"That would be horrible," said Henrietta apprehensively.

"I don't think he will," said the priest; "the poison is really meant for a beast."

"I suppose he wants to kill some animal who is a domestic guardian, in order that he may rob a rich man's house."

"No. He wants to kill a faithful animal in order that he may steal a poor man's only treasure—his wife."

"How so?"

"Listen, my lady, and I will tell you. After this had happened, Juon Tare's wife, Mariora, came to me at an unusual hour. Generally she only comes on a Sunday for prayers. What she said to me was not so much a confession made to a priest as a confidence reposed in a friend; I am therefore not committing sacrilege by retailing it to another person. That young woman is exposed to temptation."

"What! in the midst of the forest?"

"Yes, in the midst of the forest, where, for weeks at a stretch, the herdsman hears no other human voice than his own thrown back to him by the echoes. The seducer in this case is Fatia Negra."

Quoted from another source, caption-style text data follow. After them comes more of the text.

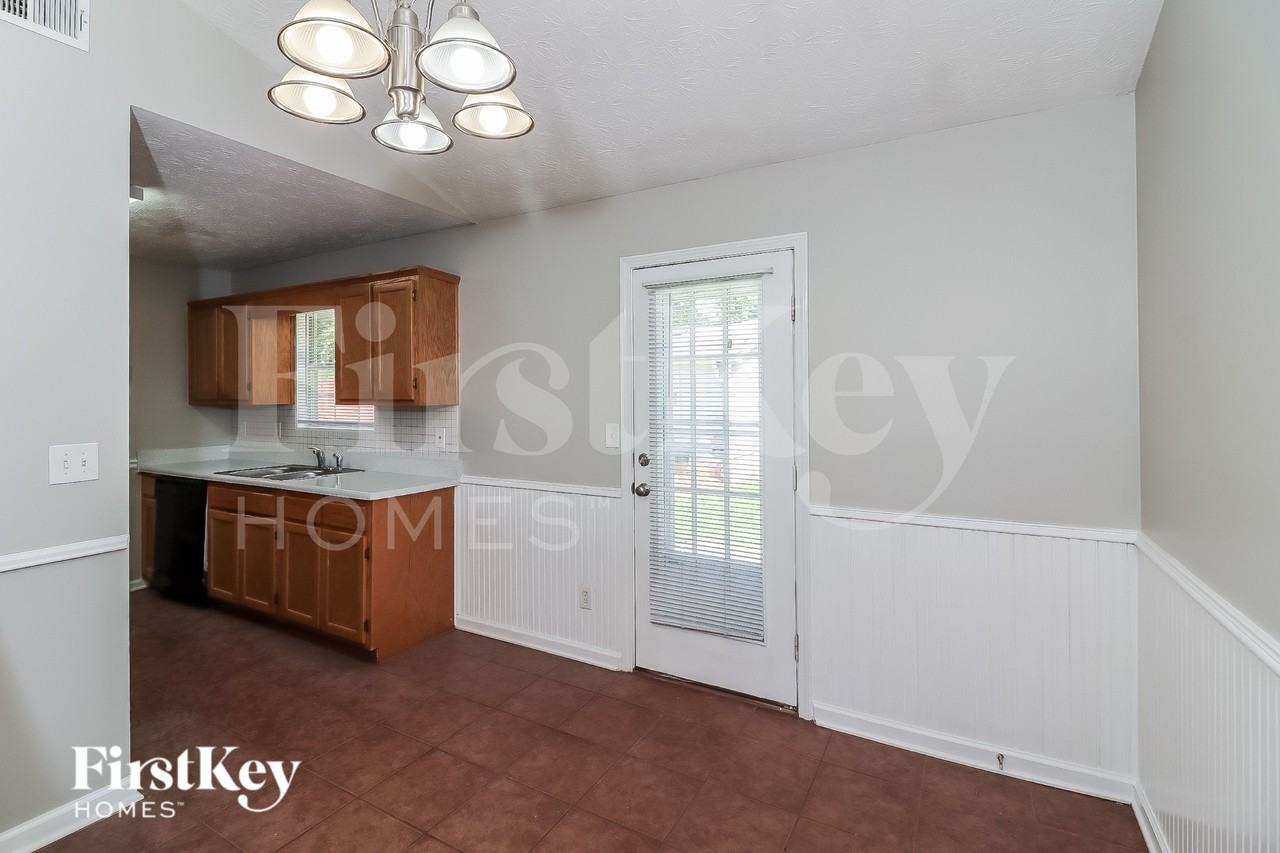 3818 Clarendon Pl - Photo 5 of 16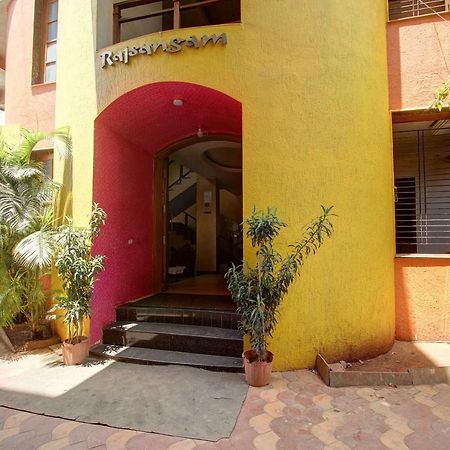 Hotel Rajsangam International 巴达米 外观 照片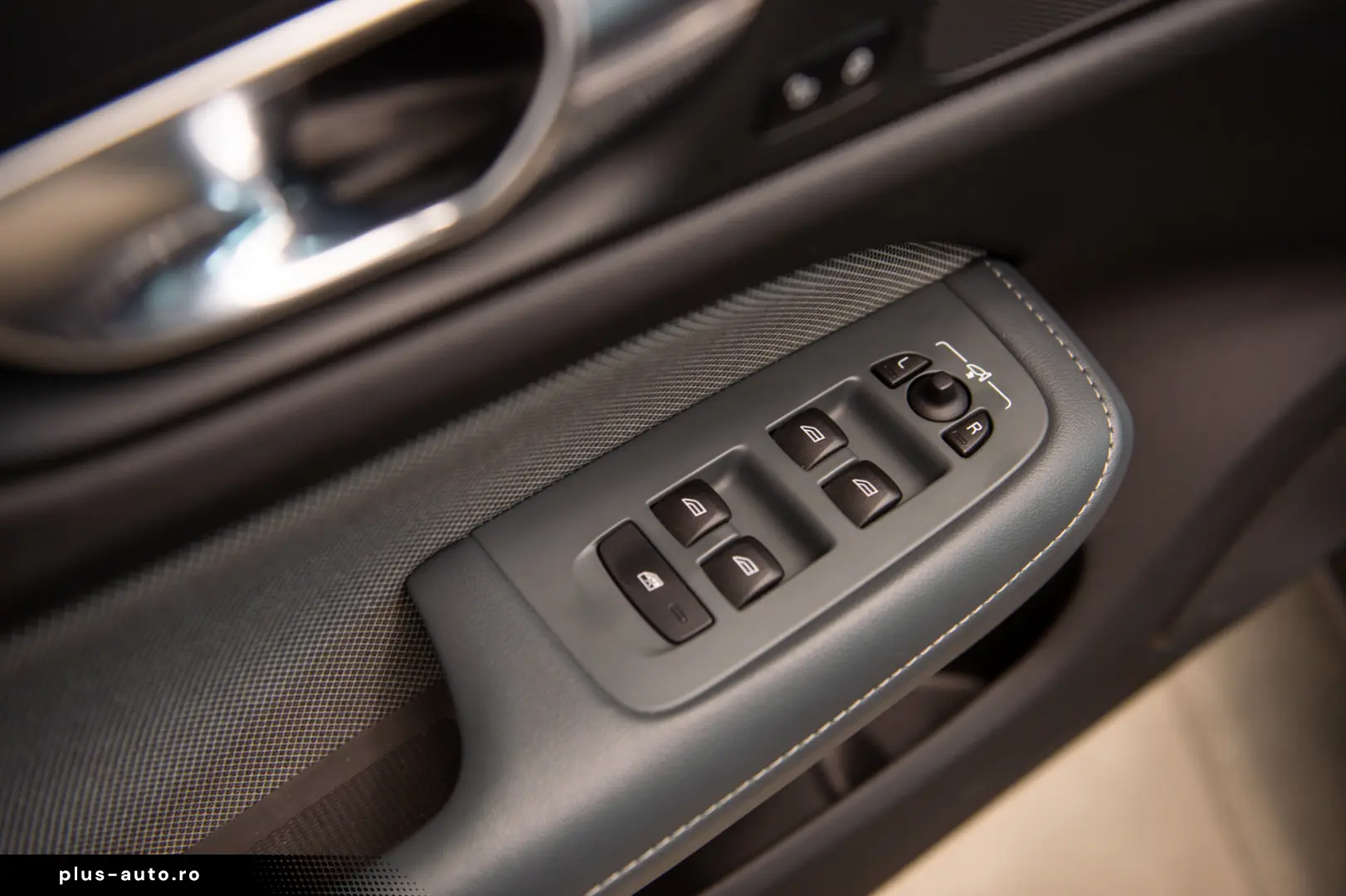 Volvo S60 Recharge 2.0 AWD R Design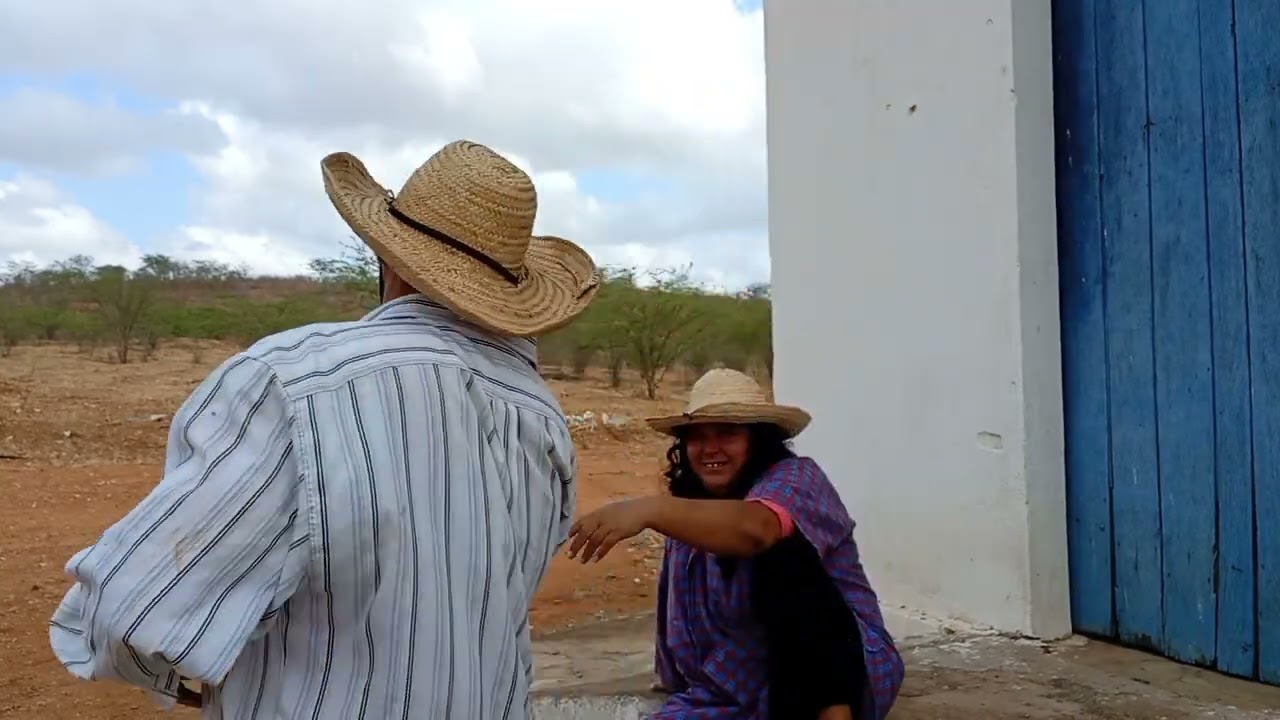 Zé da roça encontra Toinha triste porque disse que não ia casar mais porque o noivo é feio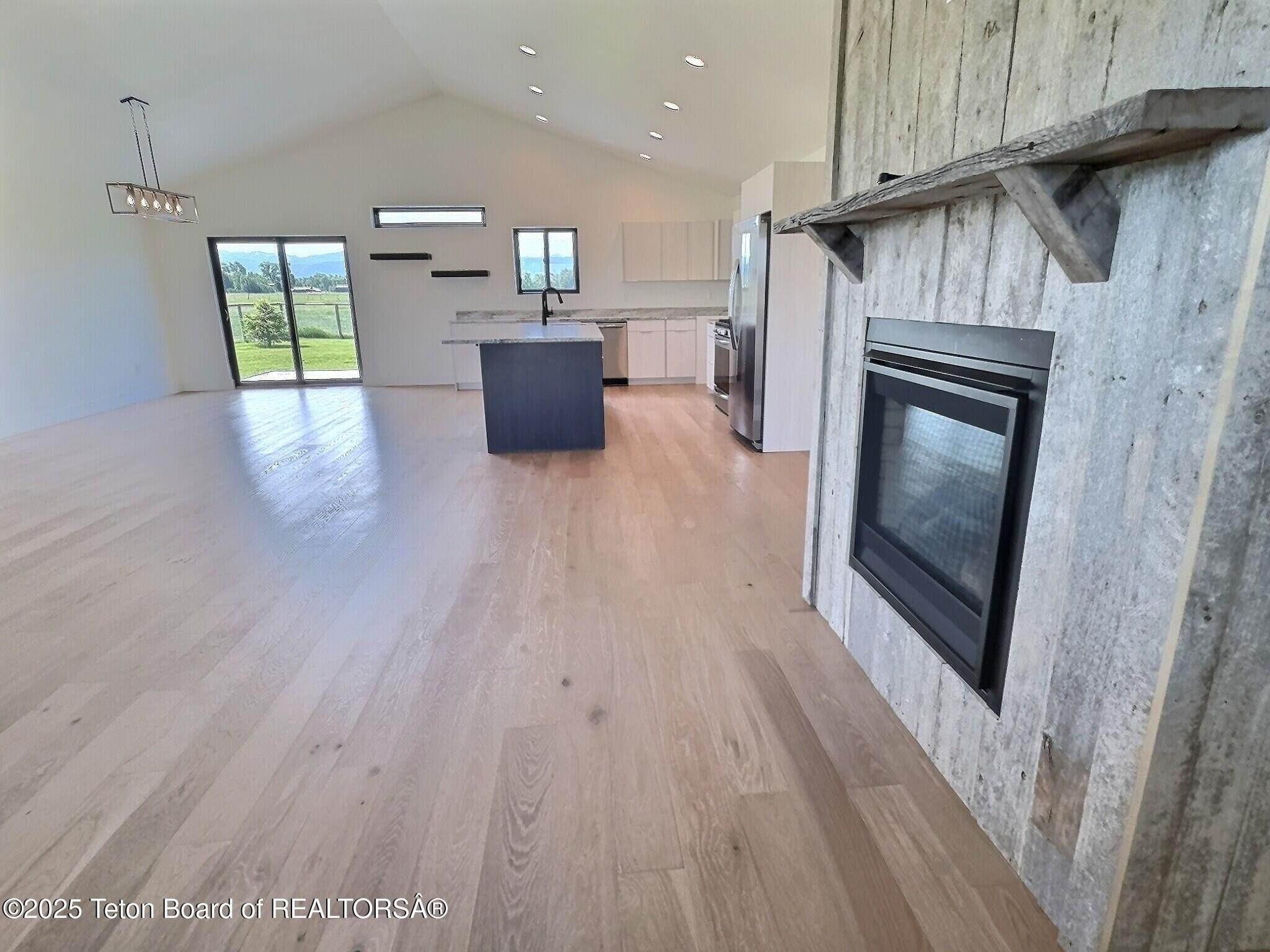 Victor, Idaho, 83455, United States, 3 Bedrooms Bedrooms, ,2 BathroomsBathrooms,Residential,For Sale,1982100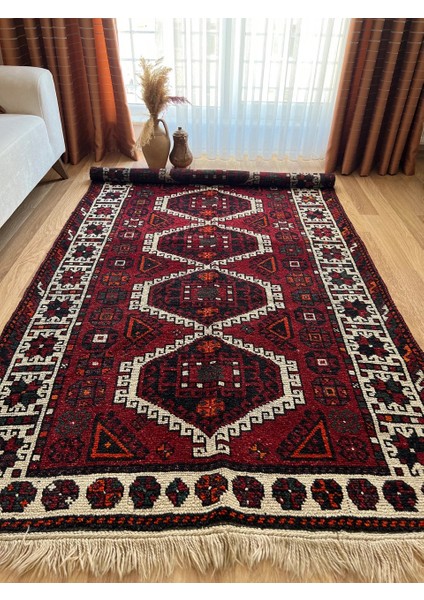 137X245 cm Harika El Dokuma Canlı Renkli Uşak Yolluk Iran Stili Antik Türk Kilim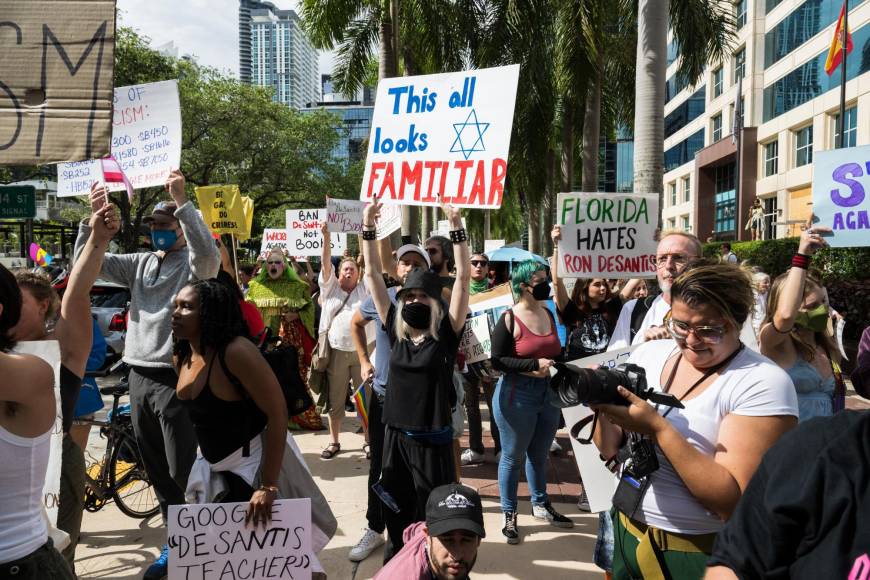 En medio de protestas Ron DeSantis lanza su candidatura presidencial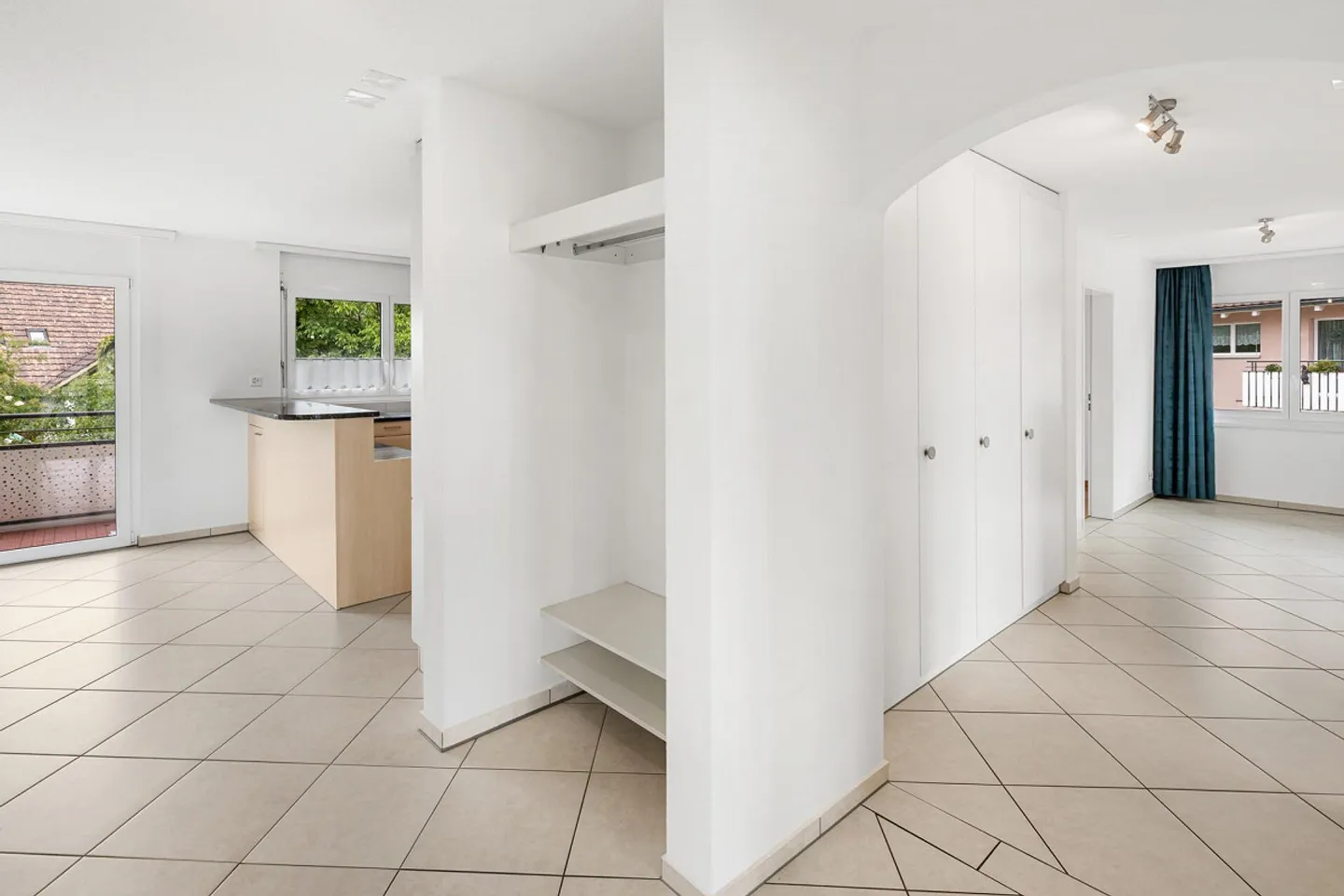 Attractive 4.5-Room Apartment with Top Connection - Photo 15 of 26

"Then he must dwell hard by."

"None knows his abiding dwelling, but his temporary resting places among the high Alps are these herdsmen's lonely huts. For this reason he lives in good fellowship with the mountain goatherds, does them no harm, brings presents for them and their wives, pays handsomely for every bit of bread, and thus makes it pretty sure that they will never betray him. The place where Juon Tare's wife dwells is called the ice valley. They call it so because it is here that the first ice of the winter appears; as early as mid-September the stream is fringed with it. There, by the side of the stream, stands a little wooden hut, one of whose walls reposes on the ascending rock behind it. Here dwells the fair Mariora all alone. And yet I am wrong to say alone, for three of them dwell together there—herself, a little one-year-old child, and a tame bear. Her husband she sometimes does not see for a week at a time, especially in the autumn and winter when the freshly fallen snow has obliterated the pastures. At such times the goatherd encamps on the summit of the mountains and nourishes his kids by felling with his axe a growing beech-tree, on which the little creatures fall and gnaw off the juicy buds. Whenever a snowstorm overtakes him, the herdsman drives the goats into a glen, and lest the snow should bury them all by the morning while they sleep, he drives them continually up and down, thus making them trample down the falling flakes. Meanwhile Mariora sits at home and spins the wool from which she makes her own and her husband's clothes, or she pounds maize into meal in a stone mortar for household needs, playing at intervals with her child."